By now, most businesses and organisations will be aware of the General Data Protection Regulation (GDPR) All businesses or organisations that process the personal data of people who live within the European Union must comply with the new regulation.

What is Personally Identifiable Data?

Personally Identifiable Data is defined as any item of data that by itself, or in conjunction with other items, can identify a living individual. Traditionally, this type of data has involved phone numbers, street addresses and email addresses. However, a rise in the amount of available technology has changed the landscape somewhat.

Now, digital data such as an IP address, a social media entry or an online image could all be regarded as personally identifiable data. This does not mean that all of these items are regarded in this way. It depends on the individual case. Sometimes, just a name can be enough to identify an individual. On other occasions, it can be difficult to identify someone even when several pieces of data are held.

Dealing with Personally Identifiable Data

Before the GDPR becomes law on 25 May 2018, any business or organisation that processes the personal data of individuals residing within the EU should carry out an audit of the data they hold and ensure that GDPR stipulations are applied in the case of every piece of personally identifiable data that is held. Checks that should be carried out include:

  • What data is held?
  • Where is the data held?
  • Is there a legitimate reason for processing the data; having regard to GDPR rules?
  • Is the data still required or can it be deleted?
  • Can the data easily be retrieved if a subject access request (SAR) is received?

Businesses and organisations also need to keep records of all the processes and procedures that they have in place. This includes keeping information about the collection and processing of all personal data including details of where it is being held, what it is being used for, when it was collected, who collected it and who is responsible for managing it. This documentation is important as businesses and organisations do not just have to comply with GDPR, they also need to provide documentary evidence of compliance.

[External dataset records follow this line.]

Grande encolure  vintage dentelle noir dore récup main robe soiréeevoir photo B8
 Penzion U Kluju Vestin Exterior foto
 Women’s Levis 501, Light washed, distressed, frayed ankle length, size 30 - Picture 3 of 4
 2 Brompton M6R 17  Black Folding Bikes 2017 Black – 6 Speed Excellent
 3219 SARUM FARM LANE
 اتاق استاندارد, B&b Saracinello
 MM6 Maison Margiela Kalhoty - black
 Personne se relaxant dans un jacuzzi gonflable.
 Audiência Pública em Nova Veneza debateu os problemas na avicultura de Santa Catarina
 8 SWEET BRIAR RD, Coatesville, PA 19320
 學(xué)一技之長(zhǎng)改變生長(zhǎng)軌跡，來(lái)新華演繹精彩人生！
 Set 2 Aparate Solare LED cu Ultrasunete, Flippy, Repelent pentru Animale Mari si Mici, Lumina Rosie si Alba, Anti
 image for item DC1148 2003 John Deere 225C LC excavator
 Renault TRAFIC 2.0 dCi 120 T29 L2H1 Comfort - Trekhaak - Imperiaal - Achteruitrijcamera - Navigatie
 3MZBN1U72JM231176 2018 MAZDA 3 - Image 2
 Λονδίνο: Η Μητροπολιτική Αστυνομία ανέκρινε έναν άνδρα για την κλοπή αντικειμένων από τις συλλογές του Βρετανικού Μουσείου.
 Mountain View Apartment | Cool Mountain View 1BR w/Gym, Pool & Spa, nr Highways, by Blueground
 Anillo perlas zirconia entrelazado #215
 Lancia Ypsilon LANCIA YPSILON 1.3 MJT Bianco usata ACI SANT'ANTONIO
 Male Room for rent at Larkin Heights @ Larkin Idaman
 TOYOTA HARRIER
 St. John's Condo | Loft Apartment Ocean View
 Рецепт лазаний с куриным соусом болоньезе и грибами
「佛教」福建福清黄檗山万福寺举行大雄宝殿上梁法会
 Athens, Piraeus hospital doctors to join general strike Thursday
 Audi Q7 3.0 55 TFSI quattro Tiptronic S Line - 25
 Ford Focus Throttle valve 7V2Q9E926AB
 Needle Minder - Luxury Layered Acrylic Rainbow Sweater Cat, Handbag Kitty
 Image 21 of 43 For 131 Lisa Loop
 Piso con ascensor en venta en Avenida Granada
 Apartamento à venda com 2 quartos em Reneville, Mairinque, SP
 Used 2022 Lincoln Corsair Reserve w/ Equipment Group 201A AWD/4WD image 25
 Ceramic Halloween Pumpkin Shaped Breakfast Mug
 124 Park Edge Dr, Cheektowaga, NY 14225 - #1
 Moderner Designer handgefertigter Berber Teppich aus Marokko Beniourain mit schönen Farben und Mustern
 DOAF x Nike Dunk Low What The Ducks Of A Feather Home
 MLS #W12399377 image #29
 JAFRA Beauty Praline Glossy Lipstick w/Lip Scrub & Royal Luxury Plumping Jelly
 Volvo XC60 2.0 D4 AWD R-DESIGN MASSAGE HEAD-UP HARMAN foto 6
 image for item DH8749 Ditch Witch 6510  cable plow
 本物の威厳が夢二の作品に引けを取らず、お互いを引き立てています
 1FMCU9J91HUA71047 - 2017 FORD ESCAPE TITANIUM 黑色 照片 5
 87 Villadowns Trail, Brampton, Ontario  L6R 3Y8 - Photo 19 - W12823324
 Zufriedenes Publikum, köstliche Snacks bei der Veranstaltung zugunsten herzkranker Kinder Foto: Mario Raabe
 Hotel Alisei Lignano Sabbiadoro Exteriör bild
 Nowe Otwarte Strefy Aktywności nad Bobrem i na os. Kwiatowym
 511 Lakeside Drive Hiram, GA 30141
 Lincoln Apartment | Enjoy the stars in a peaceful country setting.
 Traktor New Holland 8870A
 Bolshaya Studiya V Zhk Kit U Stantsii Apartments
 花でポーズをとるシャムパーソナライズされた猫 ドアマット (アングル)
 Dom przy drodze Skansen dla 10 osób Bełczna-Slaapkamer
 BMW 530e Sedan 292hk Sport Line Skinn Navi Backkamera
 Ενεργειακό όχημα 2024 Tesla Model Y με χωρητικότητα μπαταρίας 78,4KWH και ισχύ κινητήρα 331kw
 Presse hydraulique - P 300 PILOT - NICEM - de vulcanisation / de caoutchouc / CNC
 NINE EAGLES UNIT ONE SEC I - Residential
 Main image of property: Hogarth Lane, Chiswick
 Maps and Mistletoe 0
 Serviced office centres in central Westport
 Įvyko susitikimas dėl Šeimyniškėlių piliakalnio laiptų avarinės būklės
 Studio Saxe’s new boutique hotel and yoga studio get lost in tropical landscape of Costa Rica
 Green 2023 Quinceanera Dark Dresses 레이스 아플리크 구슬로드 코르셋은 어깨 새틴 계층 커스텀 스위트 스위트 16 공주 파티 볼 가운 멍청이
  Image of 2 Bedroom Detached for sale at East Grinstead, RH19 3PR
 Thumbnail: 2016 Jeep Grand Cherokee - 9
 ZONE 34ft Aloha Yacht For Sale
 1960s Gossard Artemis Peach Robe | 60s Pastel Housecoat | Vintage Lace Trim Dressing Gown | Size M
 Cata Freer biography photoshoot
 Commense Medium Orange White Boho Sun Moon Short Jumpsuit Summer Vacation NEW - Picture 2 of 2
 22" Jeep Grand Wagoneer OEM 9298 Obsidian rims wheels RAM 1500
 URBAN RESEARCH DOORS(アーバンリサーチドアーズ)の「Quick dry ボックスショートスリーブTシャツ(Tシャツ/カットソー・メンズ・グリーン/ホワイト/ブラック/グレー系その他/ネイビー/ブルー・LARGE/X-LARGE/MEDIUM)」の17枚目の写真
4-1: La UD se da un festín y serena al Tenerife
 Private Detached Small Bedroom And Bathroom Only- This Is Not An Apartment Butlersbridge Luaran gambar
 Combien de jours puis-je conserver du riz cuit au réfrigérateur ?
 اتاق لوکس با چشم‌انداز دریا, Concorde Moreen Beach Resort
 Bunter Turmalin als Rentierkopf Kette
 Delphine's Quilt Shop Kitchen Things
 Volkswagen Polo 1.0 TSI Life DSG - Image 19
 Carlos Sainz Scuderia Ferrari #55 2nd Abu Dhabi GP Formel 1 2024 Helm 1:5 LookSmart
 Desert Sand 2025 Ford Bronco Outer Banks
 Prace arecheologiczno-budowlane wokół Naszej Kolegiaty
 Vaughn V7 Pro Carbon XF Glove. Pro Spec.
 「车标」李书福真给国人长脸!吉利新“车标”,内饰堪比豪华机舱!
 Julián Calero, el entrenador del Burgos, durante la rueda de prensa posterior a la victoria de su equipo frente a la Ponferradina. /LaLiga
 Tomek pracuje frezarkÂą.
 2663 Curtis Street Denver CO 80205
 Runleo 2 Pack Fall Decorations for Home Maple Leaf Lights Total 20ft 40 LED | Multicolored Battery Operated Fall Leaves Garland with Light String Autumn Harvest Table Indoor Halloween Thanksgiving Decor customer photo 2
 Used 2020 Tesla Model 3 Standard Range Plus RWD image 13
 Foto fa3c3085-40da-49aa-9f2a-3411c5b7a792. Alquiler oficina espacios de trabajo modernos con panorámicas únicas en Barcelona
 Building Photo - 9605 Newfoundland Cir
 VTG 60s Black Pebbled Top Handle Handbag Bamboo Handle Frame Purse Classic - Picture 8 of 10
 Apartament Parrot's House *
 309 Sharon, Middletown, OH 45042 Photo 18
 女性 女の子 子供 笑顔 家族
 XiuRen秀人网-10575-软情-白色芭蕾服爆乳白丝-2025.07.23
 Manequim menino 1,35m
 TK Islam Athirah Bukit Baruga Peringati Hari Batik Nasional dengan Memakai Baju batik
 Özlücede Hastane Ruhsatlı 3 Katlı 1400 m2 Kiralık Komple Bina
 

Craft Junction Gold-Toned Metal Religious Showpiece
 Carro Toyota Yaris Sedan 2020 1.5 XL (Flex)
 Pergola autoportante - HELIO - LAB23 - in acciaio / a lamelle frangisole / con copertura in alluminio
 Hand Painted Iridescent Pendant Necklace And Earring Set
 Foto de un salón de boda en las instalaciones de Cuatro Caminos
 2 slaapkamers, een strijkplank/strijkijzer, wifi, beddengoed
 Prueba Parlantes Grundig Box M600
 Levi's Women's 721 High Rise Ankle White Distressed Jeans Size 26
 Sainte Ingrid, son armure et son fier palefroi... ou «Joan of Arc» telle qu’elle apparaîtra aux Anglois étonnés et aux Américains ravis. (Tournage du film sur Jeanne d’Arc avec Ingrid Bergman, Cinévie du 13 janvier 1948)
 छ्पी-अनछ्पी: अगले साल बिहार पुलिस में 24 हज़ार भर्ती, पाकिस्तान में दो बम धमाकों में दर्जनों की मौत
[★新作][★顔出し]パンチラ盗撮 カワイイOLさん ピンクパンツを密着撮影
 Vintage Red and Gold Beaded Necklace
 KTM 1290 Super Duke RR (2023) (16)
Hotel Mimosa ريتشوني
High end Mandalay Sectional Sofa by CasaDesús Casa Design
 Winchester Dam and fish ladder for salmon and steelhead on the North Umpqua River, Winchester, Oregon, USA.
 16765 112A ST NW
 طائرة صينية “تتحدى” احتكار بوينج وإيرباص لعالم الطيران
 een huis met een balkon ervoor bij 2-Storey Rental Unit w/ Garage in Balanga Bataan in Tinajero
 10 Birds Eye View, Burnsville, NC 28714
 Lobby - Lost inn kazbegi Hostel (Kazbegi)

Failure to carry out an audit or document processes and procedures could result in non-compliance. As a consequence, sanctions could be applied. These sanctions include potentially large fines of up to €20m or 4% of annual turnover, whichever is greater. It is not just the financial aspect of non-compliance that businesses and organisations should be wary of. They also need to think about damage to their reputation.

If customers and potential customers see that a business has not complied with the new laws they may be reluctant to give them their business. This type of reputational damage can be very difficult to overcome.